*** EXTRACTED MATERIAL

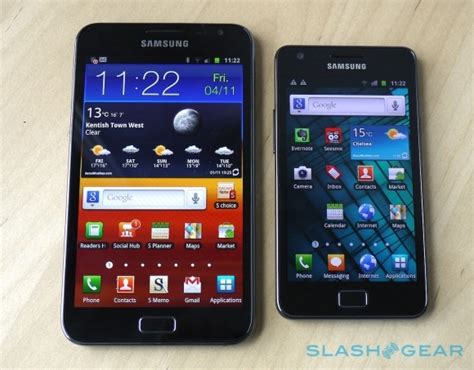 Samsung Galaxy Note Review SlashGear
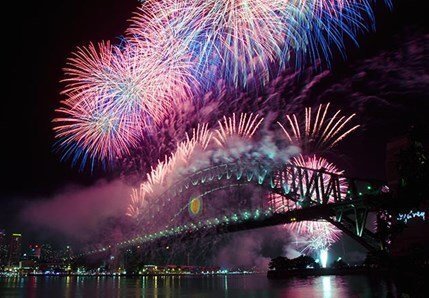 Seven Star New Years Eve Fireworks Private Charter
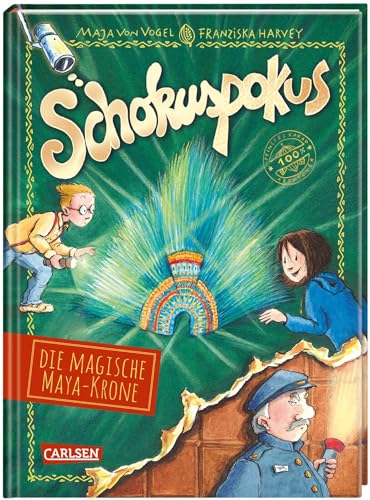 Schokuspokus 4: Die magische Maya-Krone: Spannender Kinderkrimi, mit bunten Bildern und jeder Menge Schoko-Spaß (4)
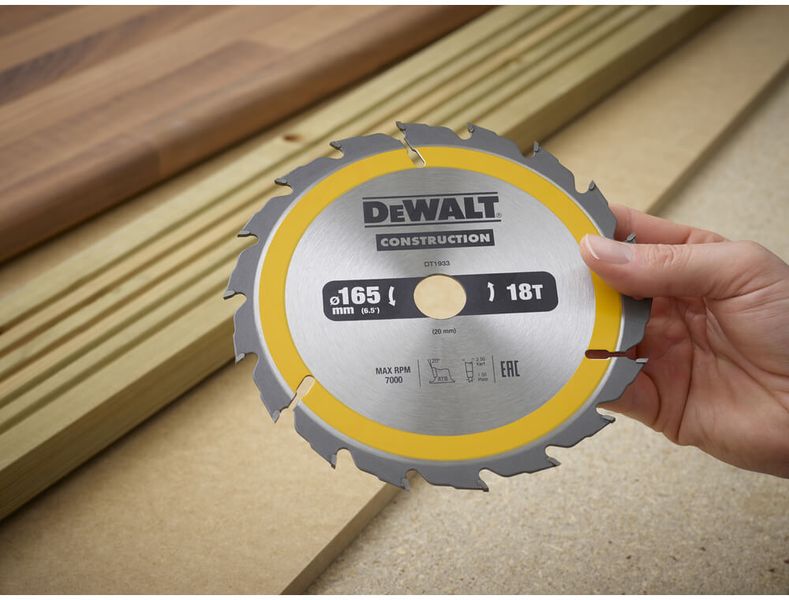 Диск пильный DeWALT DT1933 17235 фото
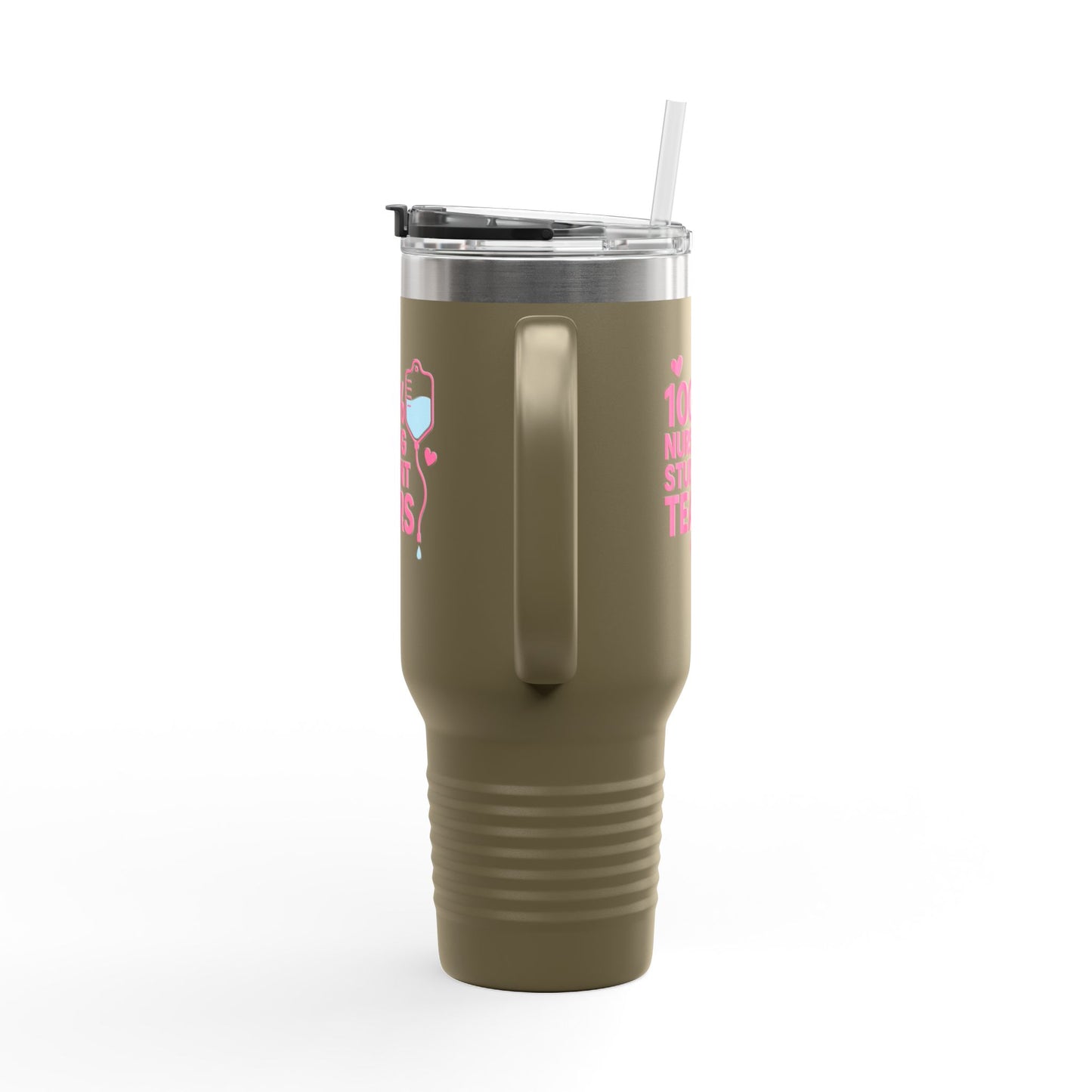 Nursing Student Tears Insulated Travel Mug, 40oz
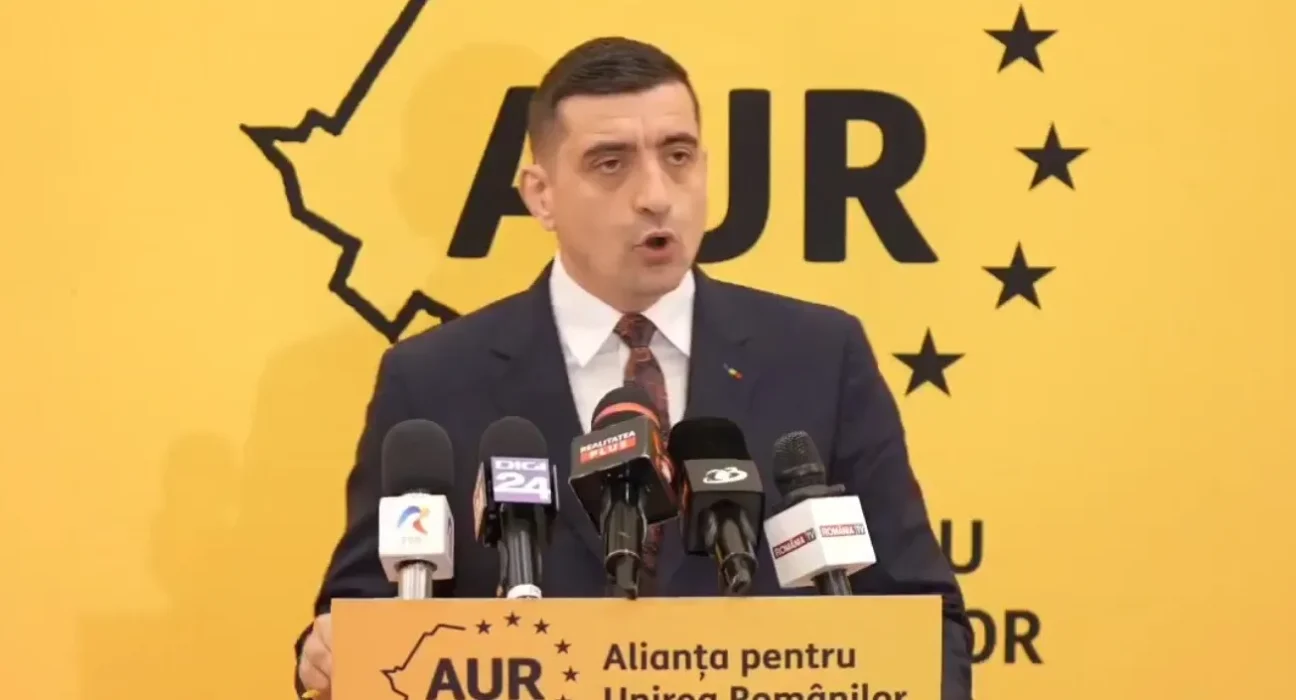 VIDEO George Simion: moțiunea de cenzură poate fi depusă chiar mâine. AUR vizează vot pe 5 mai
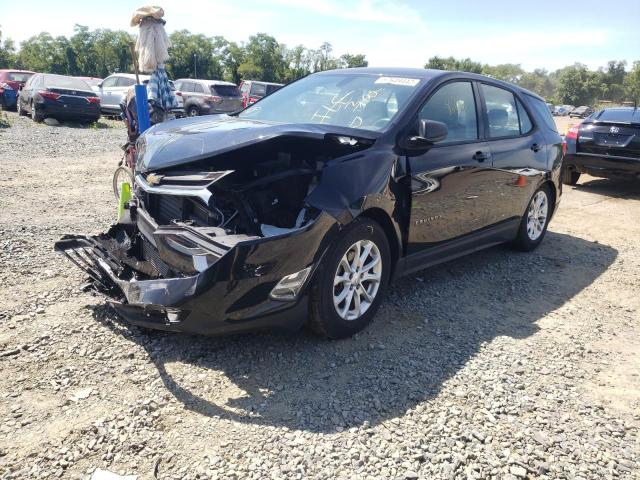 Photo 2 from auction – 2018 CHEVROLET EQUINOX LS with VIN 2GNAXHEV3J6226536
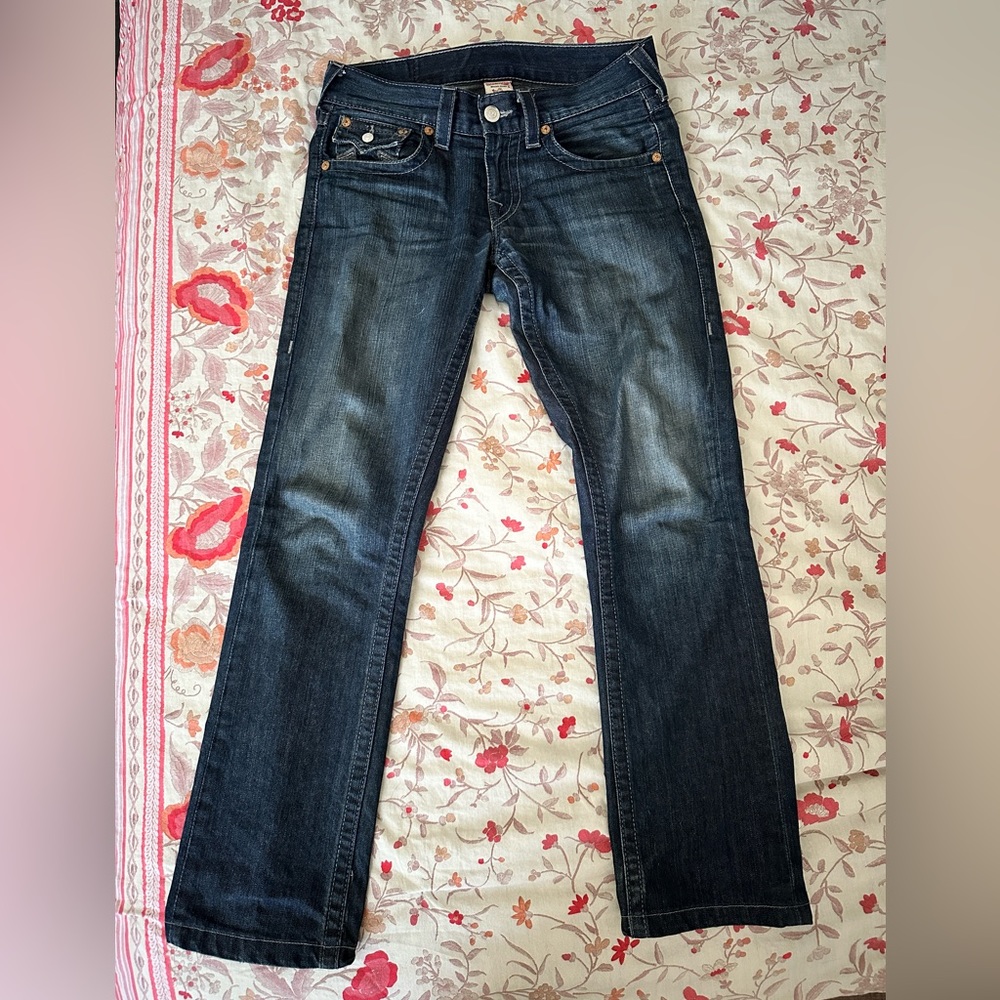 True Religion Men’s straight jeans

******

You need to restate all of the entries above exactly and leave the pictures behind.

§ **SOLUTION TO THIS TASK**
 Samsung Galaxy Note Review SlashGear
 Seven Star New Years Eve Fireworks Private Charter
 Schokuspokus 4: Die magische Maya-Krone: Spannender Kinderkrimi, mit bunten Bildern und jeder Menge Schoko-Spaß (4)
 Диск пильный DeWALT DT1933 17235 фото
 Nursing Student Tears Insulated Travel Mug, 40oz
 VIDEO George Simion: moțiunea de cenzură poate fi depusă chiar mâine. AUR vizează vot pe 5 mai
 Photo 2 from auction – 2018 CHEVROLET EQUINOX LS with VIN 2GNAXHEV3J6226536
 True Religion Men’s straight jeans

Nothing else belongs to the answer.